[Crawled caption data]
┄┄┄┄┄┄┄┄┄┄

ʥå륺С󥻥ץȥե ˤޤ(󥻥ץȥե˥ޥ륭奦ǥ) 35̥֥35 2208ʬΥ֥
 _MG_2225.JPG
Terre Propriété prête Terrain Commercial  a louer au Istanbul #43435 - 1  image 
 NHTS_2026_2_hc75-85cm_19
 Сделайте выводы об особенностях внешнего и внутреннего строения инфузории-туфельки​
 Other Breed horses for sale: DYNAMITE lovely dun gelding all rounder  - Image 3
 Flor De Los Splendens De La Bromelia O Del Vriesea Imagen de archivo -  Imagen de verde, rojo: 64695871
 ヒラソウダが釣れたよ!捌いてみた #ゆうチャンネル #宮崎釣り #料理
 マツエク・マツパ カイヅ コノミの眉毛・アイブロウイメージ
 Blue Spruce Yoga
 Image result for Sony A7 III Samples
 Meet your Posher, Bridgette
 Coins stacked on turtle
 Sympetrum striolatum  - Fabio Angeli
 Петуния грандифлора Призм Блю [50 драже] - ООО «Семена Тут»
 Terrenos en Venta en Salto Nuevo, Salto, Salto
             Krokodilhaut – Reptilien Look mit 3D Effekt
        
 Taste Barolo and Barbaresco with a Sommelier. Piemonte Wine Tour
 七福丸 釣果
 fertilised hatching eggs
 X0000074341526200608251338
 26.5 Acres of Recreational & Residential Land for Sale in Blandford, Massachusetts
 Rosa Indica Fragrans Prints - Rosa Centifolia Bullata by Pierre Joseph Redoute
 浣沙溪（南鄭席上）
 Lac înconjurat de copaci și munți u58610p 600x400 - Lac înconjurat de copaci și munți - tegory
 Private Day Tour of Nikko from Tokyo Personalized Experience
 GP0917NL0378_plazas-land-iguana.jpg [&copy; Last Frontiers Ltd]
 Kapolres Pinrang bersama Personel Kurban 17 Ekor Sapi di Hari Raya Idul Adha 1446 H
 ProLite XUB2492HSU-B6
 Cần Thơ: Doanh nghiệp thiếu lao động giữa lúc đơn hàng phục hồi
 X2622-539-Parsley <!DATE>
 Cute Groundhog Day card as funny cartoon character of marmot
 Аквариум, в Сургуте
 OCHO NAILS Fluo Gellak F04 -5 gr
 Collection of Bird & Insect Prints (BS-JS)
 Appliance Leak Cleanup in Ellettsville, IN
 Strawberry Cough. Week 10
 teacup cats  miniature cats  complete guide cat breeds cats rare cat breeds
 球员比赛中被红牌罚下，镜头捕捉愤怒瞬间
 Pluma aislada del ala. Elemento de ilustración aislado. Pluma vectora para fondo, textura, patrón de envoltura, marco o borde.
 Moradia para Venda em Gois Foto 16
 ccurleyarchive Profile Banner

┄┄┄┄┄┄┄┄┄┄

● **WHAT IS BEING ASKED**: Print, without alteration, only the lines above between the one holding "Taste Barolo and" and the one holding "rare cat breeds", inclusive.

● **EXERCISE RESPONSE**:
 Taste Barolo and Barbaresco with a Sommelier. Piemonte Wine Tour
 七福丸 釣果
 fertilised hatching eggs
 X0000074341526200608251338
 26.5 Acres of Recreational & Residential Land for Sale in Blandford, Massachusetts
 Rosa Indica Fragrans Prints - Rosa Centifolia Bullata by Pierre Joseph Redoute
 浣沙溪（南鄭席上）
 Lac înconjurat de copaci și munți u58610p 600x400 - Lac înconjurat de copaci și munți - tegory
 Private Day Tour of Nikko from Tokyo Personalized Experience
 GP0917NL0378_plazas-land-iguana.jpg [&copy; Last Frontiers Ltd]
 Kapolres Pinrang bersama Personel Kurban 17 Ekor Sapi di Hari Raya Idul Adha 1446 H
 ProLite XUB2492HSU-B6
 Cần Thơ: Doanh nghiệp thiếu lao động giữa lúc đơn hàng phục hồi
 X2622-539-Parsley <!DATE>
 Cute Groundhog Day card as funny cartoon character of marmot
 Аквариум, в Сургуте
 OCHO NAILS Fluo Gellak F04 -5 gr
 Collection of Bird & Insect Prints (BS-JS)
 Appliance Leak Cleanup in Ellettsville, IN
 Strawberry Cough. Week 10
 teacup cats  miniature cats  complete guide cat breeds cats rare cat breeds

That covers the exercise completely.